From a PR perspective using the name Adolf Hitler in a press statement is never a good idea. To say that someone is worse than Hitler is not advisable either– Hitler was indirectly responsible for 42 million deaths, and his hatred and cruelty is hard to fathom. So, Sean Spicer's recent Hitler comment not only seemed to break the basic rules of public relations– but his bizarre and awkward attempt to explain his comments was hard to watch. As a rule, here are 5 tips for the smart spokesperson.
Don’t use historic comparisons unless you have the facts, and consider the consequences. President Trump looked bad when he said “Frederick Douglass is an example of somebody who’s done an amazing job and is getting recognized more and more, I notice.” Most 4th graders knew he was way off.
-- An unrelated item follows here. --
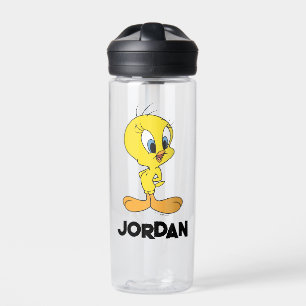 Botella De Agua TWEETY™ Jaja Añadir su nombre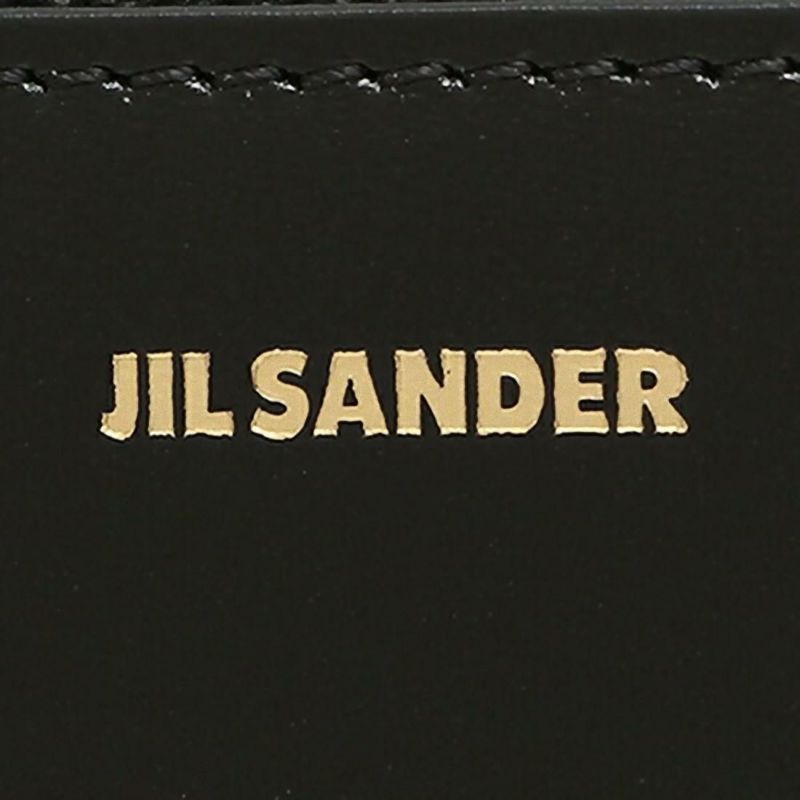 JIL SANDER 口金 長財布 訳あり ジルサンダー Jil Sander 長財布 J07UI0008-P4841 001 SINGLE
Any Hitler reference is dangerous. This was, after all, the madman who plunged the world into war, and exterminated millions of innocents. Any reference to Hitler is likely to be insulting for his victims, and trying to pull of a Hitler reference on Passover is not cool.
Know when to stop. If you are in hole, don’t dig it deeper – stop, think it through and pivot back to a safe talking point. The more you dig, the deeper you get…
Don’t assume everyone knows history. You might think you are smart by saying the Monroe Doctrine is the keystone of US foreign policy, until you realize that most Americans have no idea what you are talking about.
If you get it wrong just apologize. It is ok to be human, and if you admit you went down the wrong path you will still face consequences, but they will not be as harsh and long term.